* WORK INSTRUCTION *
What's wanted is a faithful retyping of every entry, pictures excluded.

(Caption-style text data)

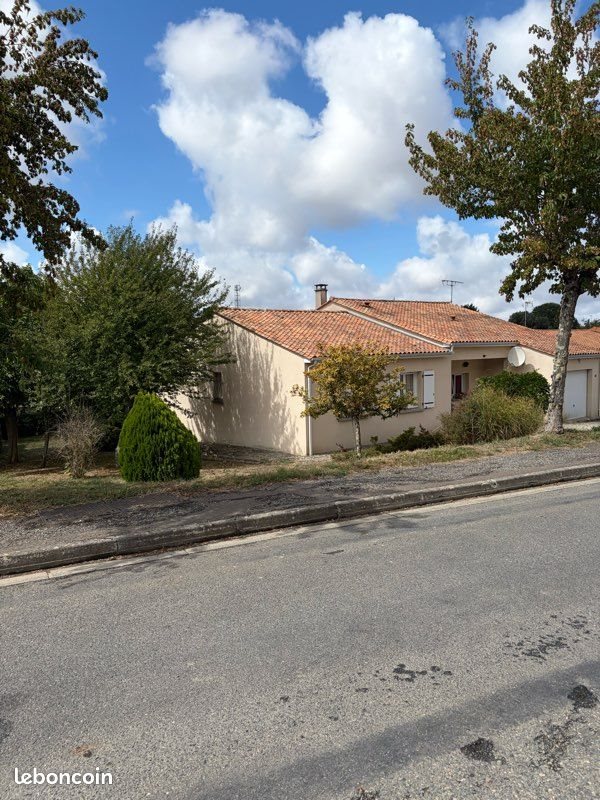 Maison à louer, 110m², Montemboeuf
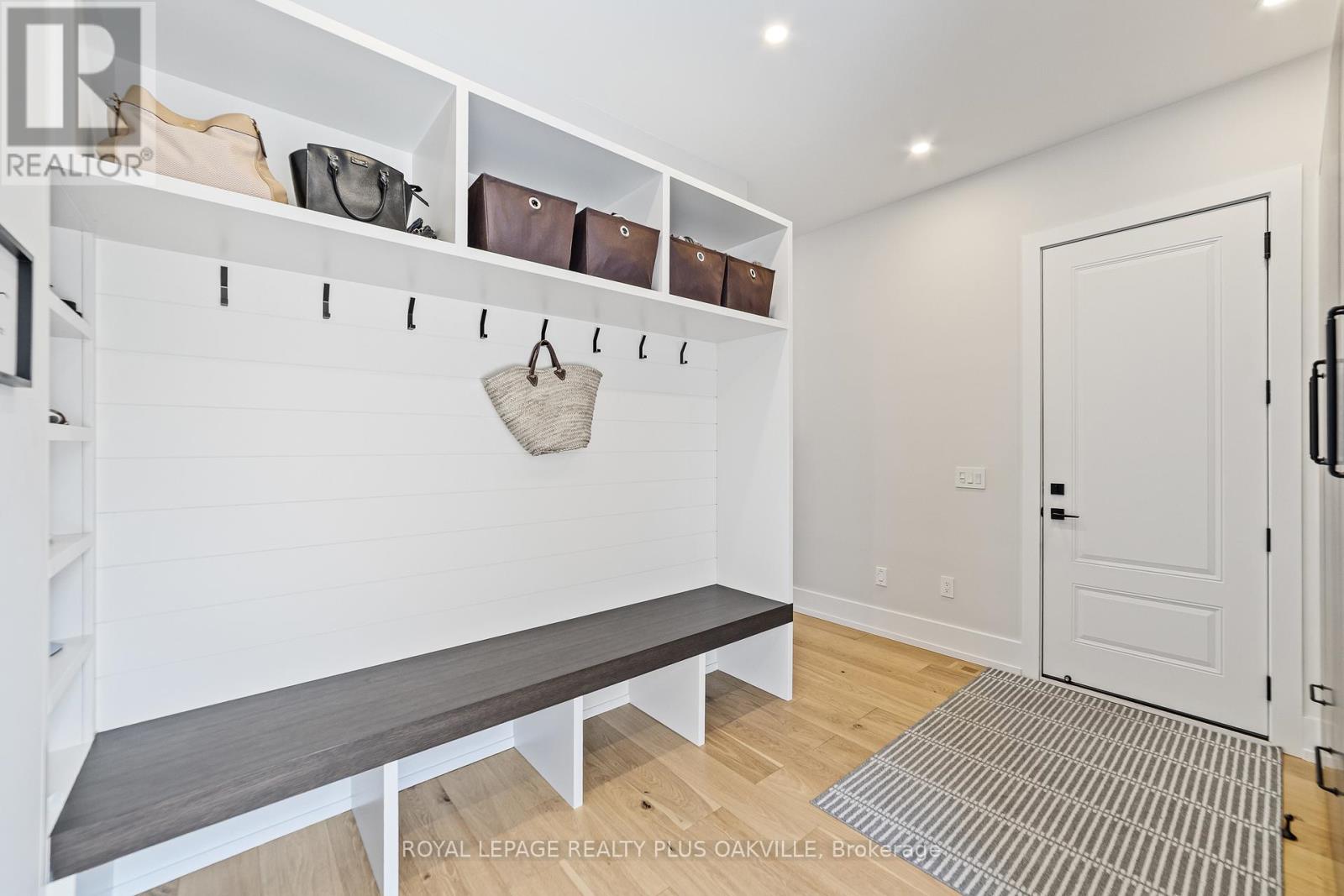 2057 Salvator Boulevard, Oakville, Ontario  L6L 1M9 - Photo 10 - W12794130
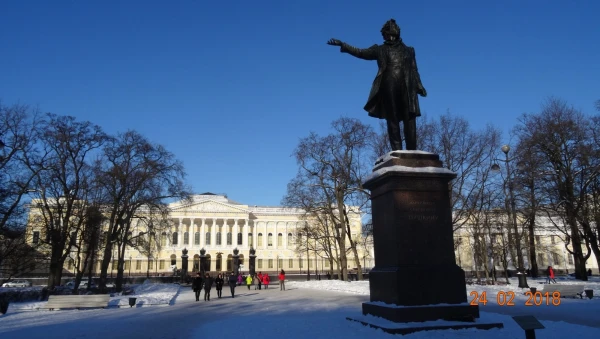 Михайловский сквер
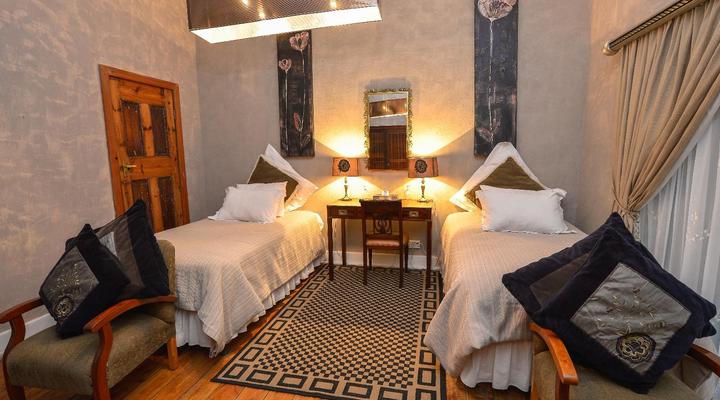 La Rochelle Guesthouse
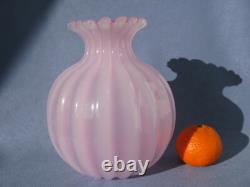 Archimede Seguso Murano Art Glass Alabastro Pink Vase Ribbed Body Design
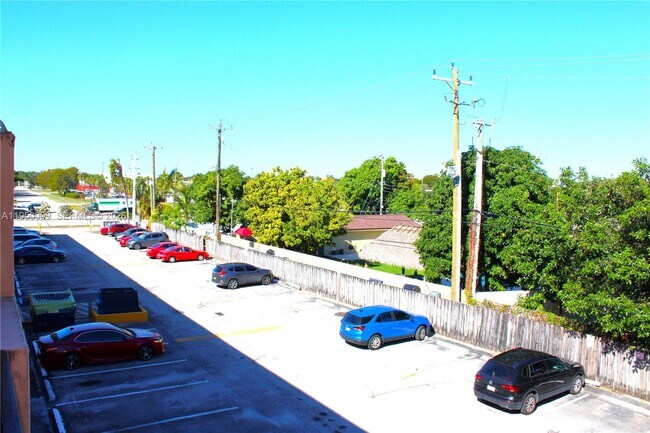 Building Photo - 17101 NW 57th Ave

* COMPLETED EXERCISE *
 Maison à louer, 110m², Montemboeuf
 2057 Salvator Boulevard, Oakville, Ontario  L6L 1M9 - Photo 10 - W12794130
 Михайловский сквер
 La Rochelle Guesthouse
 Archimede Seguso Murano Art Glass Alabastro Pink Vase Ribbed Body Design
 Building Photo - 17101 NW 57th Ave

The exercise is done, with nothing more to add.